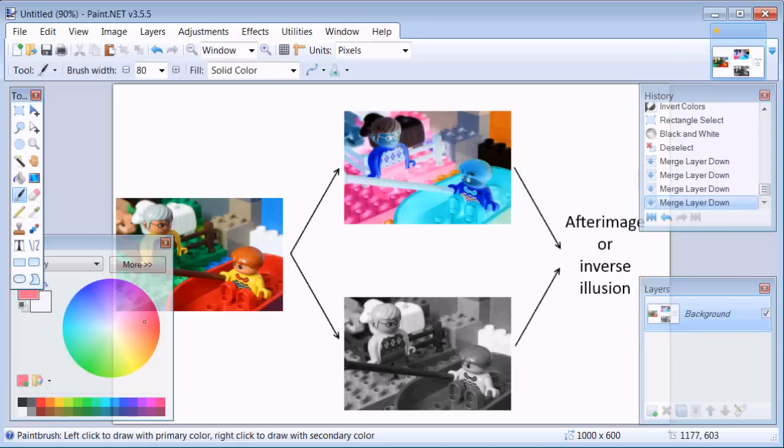This is the first tutorial and it's about negative after-image illusion. This illusion is pretty powerful and yet very easy to make.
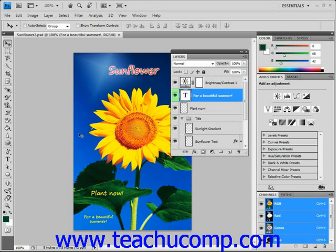A fill layer allows you to fill a layer with a solid color, pattern, or gradient. Unlike adjustment layers, they do not affect all layers beneath them.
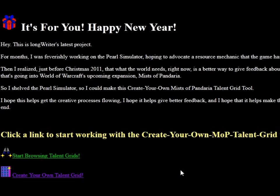Hello everyone, this is Longrider and I am going to show you how to use the 'It's For You' software Mists of Pandaria Talent Grid Maker that I spent basically my New Year's and Christmas vacation building.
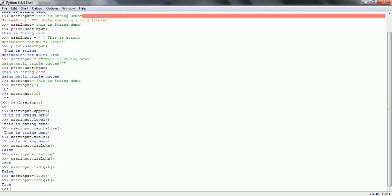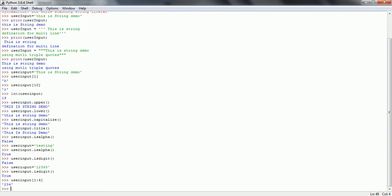If you want to get a substring, Python does not have a dedicated substring method, but you can use a range. For example, user_input[1:4] will get the substring from position 1 to position 4 minus 1, that is position 3. So in this case it will print the characters at the second, third, and fourth positions. This is how you get a substring in Python.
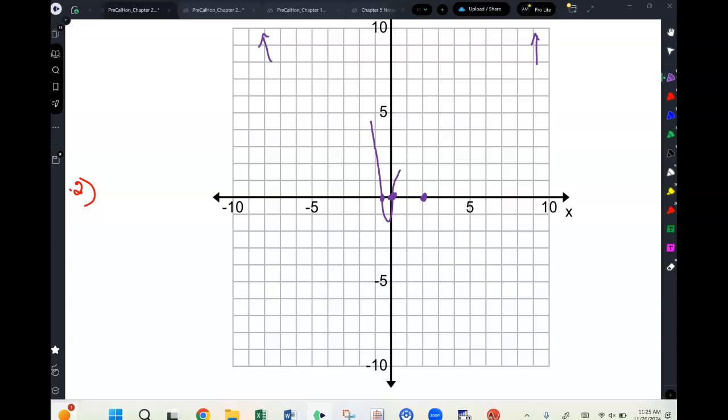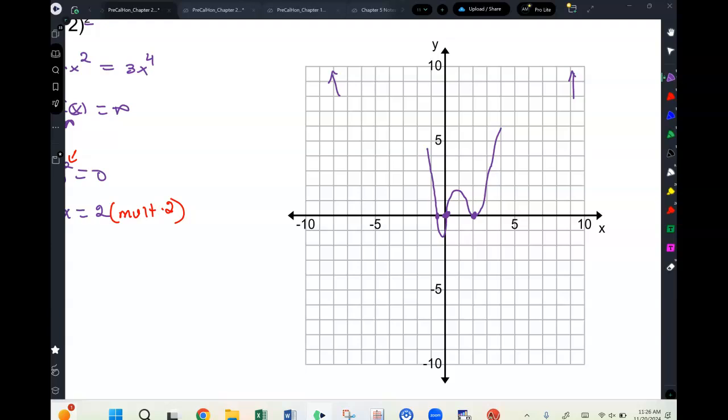The graph must turn back around at x = 2 — it cannot cross the x-axis there. The exact location of the minimum and maximum between the zeros cannot be determined without calculus. But overall, we've graphed this polynomial without a calculator just using leading term, zeros, and multiplicities.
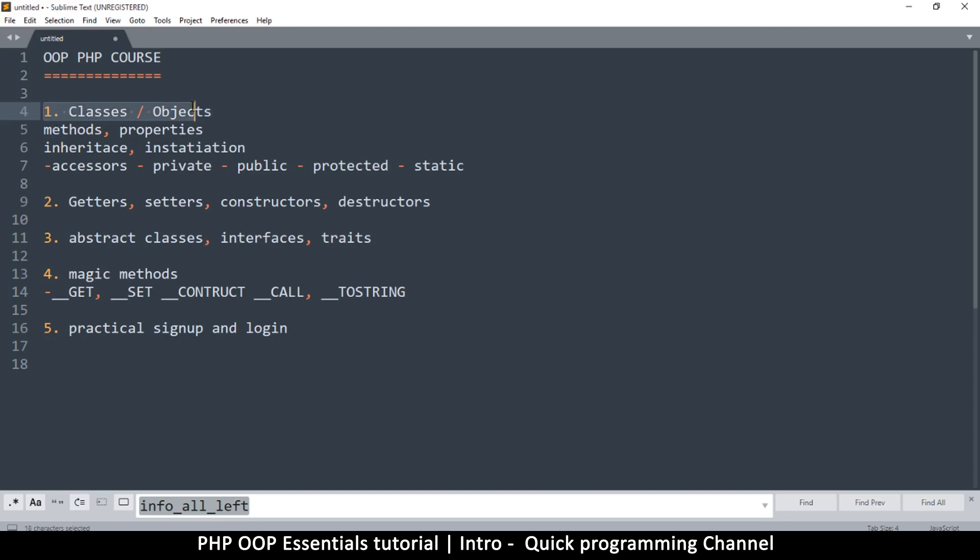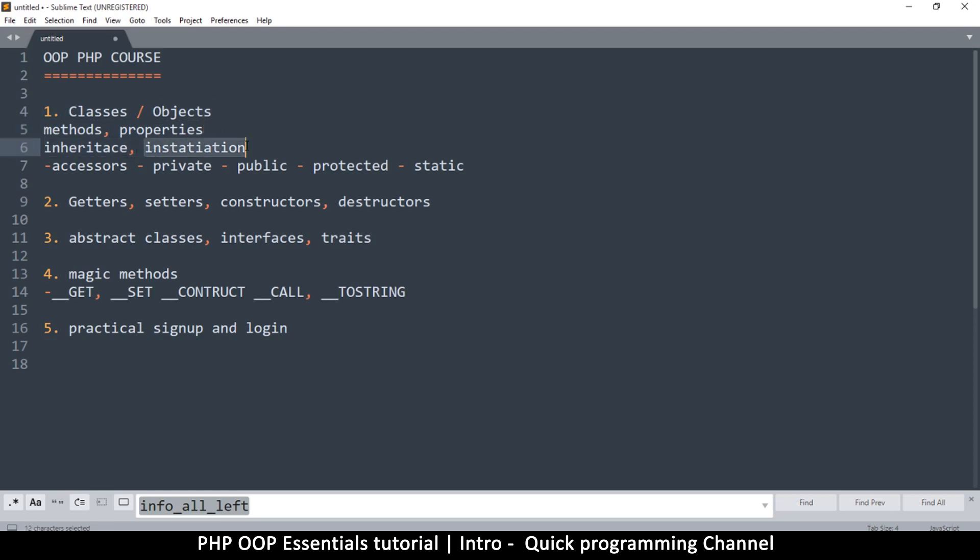In the first chapter we're going to learn about classes and objects, and we'll see what exactly are methods inside classes and also what properties are. Then we're going to look at inheritance and instantiation of classes, and then we'll look at accesses like private, public, protected, and static.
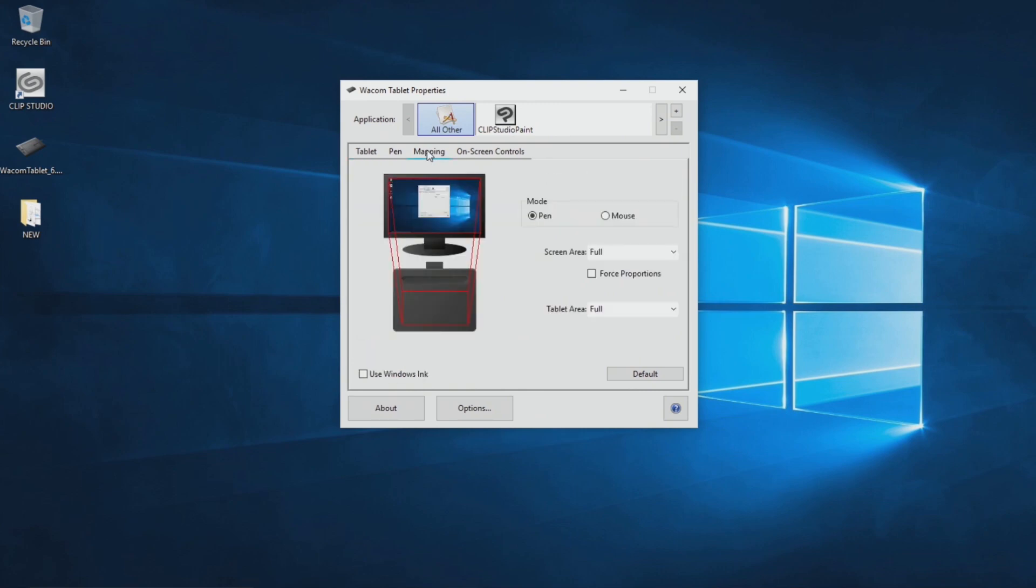Tablet drivers can also adjust how brush strokes feel. Basic settings can be set from the Wacom tablet properties.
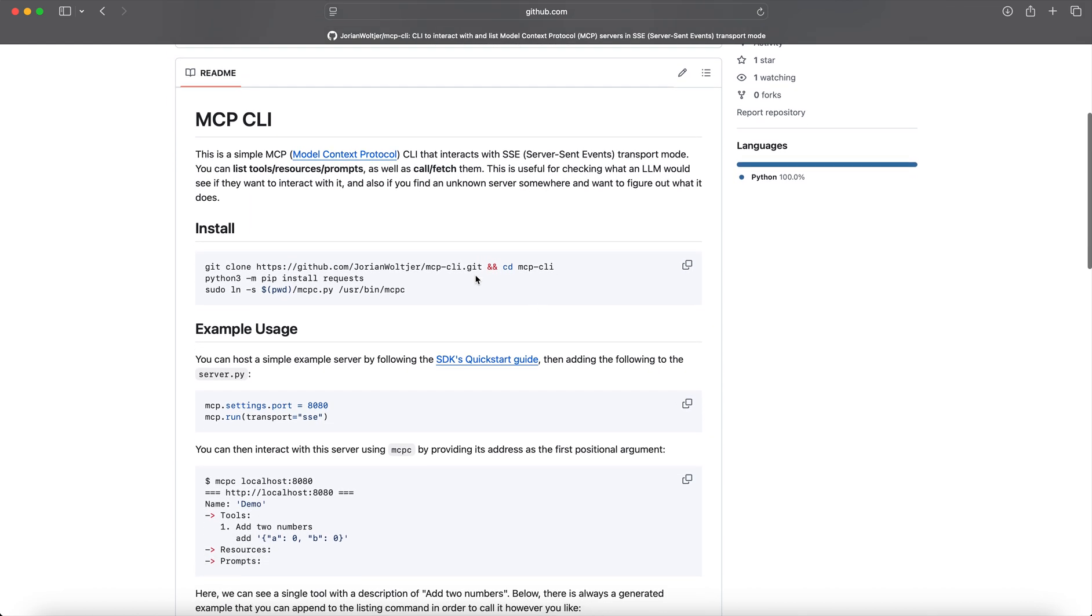To install it, super easy. Git clone, and then you need the requests library installed if you don't have it already. And then optionally you can provide a link so it's available from everywhere in the CLI.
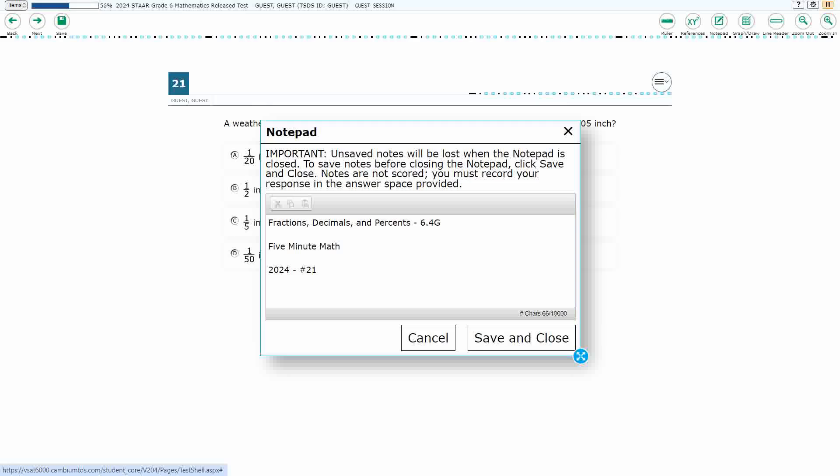Hello, and welcome to 5-Minute Math. Today we are looking at the 6th grade concept of fractions, decimals, and percents.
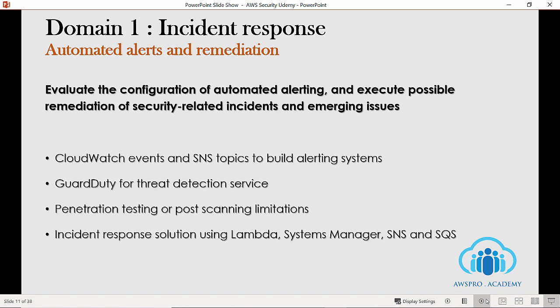Again, it is signup.awspro.academy. Let's move on to Domain 2: logging and monitoring.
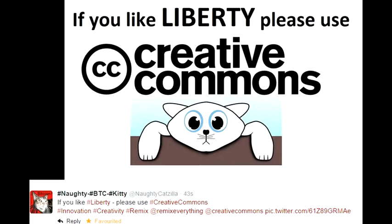Innovation, creativity, and freedom of expression are inhibited by intellectual property law. Copyright should be called copy prohibition, because for more than 99% it's a prohibition — only for less than 1% is it a right, a freedom.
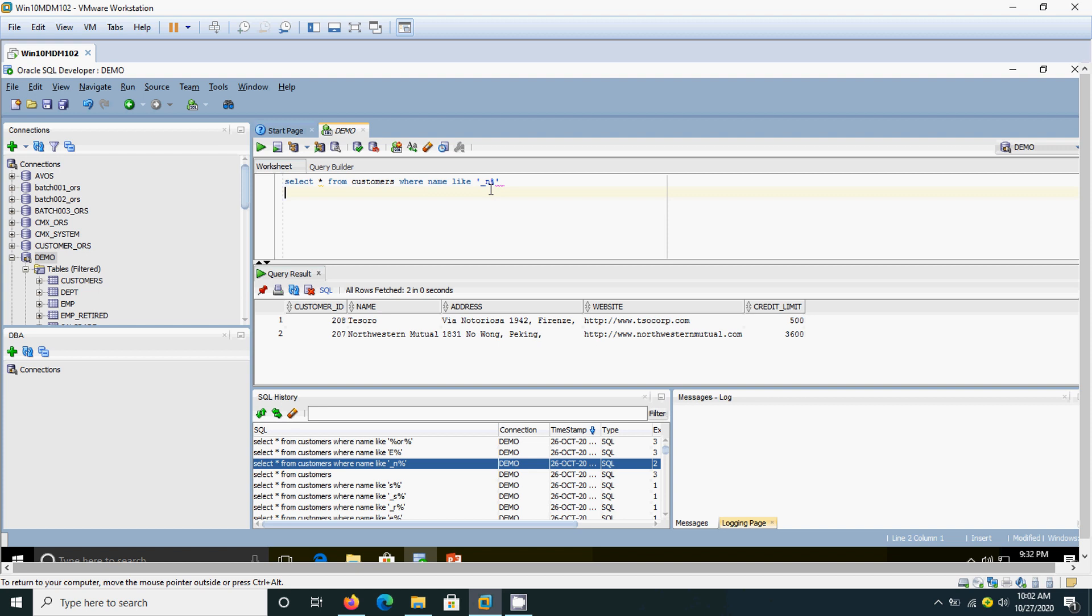And then the rest of the name can be any number of characters—it may be B, C, D, R, any combination of alphabets A to Z. It should begin with any letter, but the second position should be N.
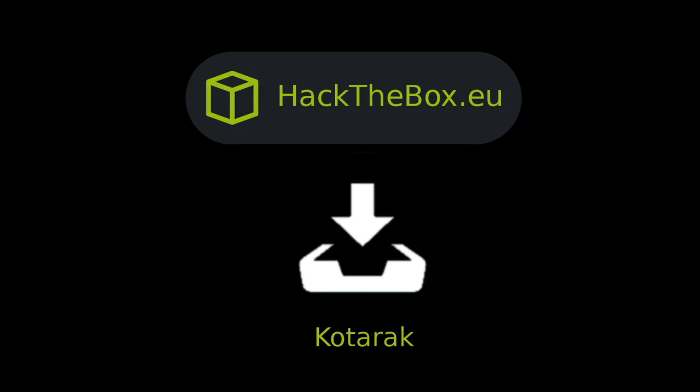What's going on YouTube? This is IPsec, and we'll be doing Kotarek from Hack the Box, which is a box full of pivots. I think a lot of people had trouble with two parts of this box. The first being SSRF attacks, server-side request forgery.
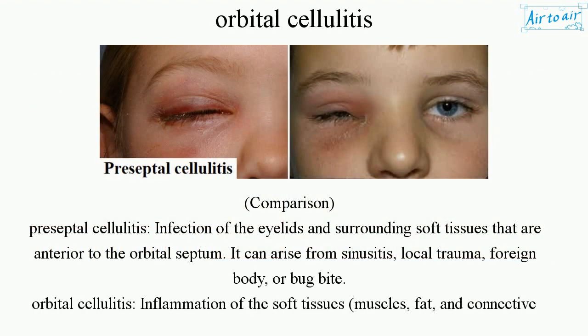Preseptal Cellulitis is an infection of the eyelids and surrounding soft tissues that are anterior to the orbital septum. It can arise from sinusitis, local trauma, foreign body, or bug bite.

+++++

Where a picture appears in the records above, omit it, and transcribe exactly the stretch of lines from the one with "If you want" through the one with "Hello, and welcome".

### [OUTPUT OF THE EXERCISE]
If you want to get a substring, Python does not have a dedicated substring method, but you can use a range. For example, user_input[1:4] will get the substring from position 1 to position 4 minus 1, that is position 3. So in this case it will print the characters at the second, third, and fourth positions. This is how you get a substring in Python.
The graph must turn back around at x = 2 — it cannot cross the x-axis there. The exact location of the minimum and maximum between the zeros cannot be determined without calculus. But overall, we've graphed this polynomial without a calculator just using leading term, zeros, and multiplicities.
In the first chapter we're going to learn about classes and objects, and we'll see what exactly are methods inside classes and also what properties are. Then we're going to look at inheritance and instantiation of classes, and then we'll look at accesses like private, public, protected, and static.
Tablet drivers can also adjust how brush strokes feel. Basic settings can be set from the Wacom tablet properties.
To install it, super easy. Git clone, and then you need the requests library installed if you don't have it already. And then optionally you can provide a link so it's available from everywhere in the CLI.
Hello, and welcome to 5-Minute Math. Today we are looking at the 6th grade concept of fractions, decimals, and percents.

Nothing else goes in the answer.